_Data records_
● ● ● ● ●

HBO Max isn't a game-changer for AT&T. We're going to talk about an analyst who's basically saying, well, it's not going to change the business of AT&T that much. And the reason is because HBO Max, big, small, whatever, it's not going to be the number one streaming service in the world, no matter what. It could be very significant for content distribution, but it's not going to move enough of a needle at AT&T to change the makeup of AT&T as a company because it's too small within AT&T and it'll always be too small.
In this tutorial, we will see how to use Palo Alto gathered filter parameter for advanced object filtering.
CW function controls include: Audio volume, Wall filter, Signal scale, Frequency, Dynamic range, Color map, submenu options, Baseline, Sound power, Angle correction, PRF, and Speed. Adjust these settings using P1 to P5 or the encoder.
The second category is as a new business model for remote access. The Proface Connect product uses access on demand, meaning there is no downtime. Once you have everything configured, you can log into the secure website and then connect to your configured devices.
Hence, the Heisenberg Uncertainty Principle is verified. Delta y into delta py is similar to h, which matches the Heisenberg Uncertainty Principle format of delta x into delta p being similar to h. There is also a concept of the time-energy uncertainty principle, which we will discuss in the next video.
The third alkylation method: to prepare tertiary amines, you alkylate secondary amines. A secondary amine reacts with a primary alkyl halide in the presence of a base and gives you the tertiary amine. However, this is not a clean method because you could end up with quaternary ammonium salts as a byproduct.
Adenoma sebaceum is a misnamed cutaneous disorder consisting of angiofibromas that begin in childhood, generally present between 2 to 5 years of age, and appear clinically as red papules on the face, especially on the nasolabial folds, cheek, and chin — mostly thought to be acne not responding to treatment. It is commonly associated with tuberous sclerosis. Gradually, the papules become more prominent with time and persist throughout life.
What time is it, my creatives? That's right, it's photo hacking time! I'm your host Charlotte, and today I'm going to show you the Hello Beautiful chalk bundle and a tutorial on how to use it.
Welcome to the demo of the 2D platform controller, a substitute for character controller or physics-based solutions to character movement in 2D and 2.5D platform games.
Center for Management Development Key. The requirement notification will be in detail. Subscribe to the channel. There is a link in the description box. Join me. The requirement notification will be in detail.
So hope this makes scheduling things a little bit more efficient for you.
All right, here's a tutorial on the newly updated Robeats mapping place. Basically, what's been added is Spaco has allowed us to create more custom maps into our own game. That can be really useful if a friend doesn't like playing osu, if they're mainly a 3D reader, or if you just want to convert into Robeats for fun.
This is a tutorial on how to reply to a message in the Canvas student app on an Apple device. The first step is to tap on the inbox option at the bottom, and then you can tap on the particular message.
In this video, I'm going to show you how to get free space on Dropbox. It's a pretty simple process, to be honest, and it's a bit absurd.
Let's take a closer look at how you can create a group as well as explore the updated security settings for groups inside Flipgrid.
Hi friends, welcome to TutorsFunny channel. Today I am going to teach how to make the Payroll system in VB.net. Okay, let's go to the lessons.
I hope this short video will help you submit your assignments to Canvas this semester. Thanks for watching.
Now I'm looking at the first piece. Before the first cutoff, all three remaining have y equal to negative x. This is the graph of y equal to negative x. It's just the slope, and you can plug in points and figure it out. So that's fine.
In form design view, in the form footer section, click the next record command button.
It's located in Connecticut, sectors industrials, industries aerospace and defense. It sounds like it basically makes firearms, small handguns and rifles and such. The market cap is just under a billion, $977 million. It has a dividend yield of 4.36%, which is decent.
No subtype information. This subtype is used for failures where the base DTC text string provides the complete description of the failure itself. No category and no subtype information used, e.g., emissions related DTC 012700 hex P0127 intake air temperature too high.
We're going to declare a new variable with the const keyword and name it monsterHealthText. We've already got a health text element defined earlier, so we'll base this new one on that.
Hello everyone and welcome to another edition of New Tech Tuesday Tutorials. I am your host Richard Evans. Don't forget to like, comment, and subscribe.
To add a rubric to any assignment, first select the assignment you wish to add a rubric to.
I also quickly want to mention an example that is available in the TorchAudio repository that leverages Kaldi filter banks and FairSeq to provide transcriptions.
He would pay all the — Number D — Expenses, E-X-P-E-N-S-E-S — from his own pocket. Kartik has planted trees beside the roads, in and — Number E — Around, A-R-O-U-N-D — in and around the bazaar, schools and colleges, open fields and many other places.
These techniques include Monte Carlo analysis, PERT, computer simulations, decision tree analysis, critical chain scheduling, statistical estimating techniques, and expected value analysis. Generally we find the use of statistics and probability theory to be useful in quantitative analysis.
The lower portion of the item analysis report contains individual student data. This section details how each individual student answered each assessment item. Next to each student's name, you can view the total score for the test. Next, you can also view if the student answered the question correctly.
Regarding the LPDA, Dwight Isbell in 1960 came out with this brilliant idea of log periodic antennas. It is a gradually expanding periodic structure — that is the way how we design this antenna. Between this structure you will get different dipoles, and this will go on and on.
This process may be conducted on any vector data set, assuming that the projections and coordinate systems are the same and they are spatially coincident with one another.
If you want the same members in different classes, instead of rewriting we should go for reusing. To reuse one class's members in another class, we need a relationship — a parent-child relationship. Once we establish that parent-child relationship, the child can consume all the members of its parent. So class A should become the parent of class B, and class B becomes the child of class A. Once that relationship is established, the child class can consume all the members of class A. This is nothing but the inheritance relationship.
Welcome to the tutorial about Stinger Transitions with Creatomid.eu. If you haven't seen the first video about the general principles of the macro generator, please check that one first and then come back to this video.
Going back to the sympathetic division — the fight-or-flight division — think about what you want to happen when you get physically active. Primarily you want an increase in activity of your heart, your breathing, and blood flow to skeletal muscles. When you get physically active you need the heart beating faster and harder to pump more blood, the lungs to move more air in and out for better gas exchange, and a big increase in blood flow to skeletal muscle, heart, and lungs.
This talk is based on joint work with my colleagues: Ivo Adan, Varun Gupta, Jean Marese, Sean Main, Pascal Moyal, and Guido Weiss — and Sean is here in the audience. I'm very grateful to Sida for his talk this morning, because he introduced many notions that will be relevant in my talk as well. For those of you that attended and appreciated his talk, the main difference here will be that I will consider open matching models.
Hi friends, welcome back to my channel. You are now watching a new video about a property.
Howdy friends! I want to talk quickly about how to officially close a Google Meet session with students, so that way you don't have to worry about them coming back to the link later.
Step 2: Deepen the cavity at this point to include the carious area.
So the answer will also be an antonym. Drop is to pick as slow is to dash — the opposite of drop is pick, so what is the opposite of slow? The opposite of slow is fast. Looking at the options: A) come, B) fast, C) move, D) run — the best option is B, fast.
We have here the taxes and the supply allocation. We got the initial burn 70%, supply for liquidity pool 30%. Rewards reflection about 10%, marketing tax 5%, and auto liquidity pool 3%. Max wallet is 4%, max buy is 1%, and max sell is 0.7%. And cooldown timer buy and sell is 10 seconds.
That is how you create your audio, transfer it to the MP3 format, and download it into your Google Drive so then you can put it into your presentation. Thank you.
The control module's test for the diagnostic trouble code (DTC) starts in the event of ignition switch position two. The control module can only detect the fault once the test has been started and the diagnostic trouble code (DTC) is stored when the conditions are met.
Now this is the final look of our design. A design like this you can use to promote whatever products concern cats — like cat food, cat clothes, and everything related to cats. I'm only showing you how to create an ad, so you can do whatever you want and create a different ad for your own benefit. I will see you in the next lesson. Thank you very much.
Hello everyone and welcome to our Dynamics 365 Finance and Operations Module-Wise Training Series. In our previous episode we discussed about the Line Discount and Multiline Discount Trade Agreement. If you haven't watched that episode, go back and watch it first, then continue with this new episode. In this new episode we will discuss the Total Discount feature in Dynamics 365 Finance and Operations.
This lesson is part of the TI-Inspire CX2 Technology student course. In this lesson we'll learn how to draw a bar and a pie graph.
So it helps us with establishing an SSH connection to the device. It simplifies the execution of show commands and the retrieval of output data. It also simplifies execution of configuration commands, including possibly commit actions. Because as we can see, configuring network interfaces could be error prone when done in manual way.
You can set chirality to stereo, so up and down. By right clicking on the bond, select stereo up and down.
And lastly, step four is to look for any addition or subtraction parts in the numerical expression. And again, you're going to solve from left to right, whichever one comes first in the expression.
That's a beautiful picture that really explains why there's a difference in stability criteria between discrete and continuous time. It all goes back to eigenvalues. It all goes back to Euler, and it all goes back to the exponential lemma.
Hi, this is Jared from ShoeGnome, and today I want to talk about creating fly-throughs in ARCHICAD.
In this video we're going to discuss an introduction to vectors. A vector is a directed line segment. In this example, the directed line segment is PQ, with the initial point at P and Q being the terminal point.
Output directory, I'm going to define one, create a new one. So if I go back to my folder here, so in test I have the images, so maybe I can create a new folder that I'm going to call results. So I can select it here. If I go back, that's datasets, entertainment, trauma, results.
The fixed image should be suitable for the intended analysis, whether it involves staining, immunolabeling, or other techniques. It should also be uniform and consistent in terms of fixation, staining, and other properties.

● ● ● ● ●

Among the records above, a stretch begins at the line containing "Hi friends, welcome to" and ends at the line containing "In form design". Restate that stretch word for word, and nothing else.

_Task output_
Hi friends, welcome to TutorsFunny channel. Today I am going to teach how to make the Payroll system in VB.net. Okay, let's go to the lessons.
I hope this short video will help you submit your assignments to Canvas this semester. Thanks for watching.
Now I'm looking at the first piece. Before the first cutoff, all three remaining have y equal to negative x. This is the graph of y equal to negative x. It's just the slope, and you can plug in points and figure it out. So that's fine.
In form design view, in the form footer section, click the next record command button.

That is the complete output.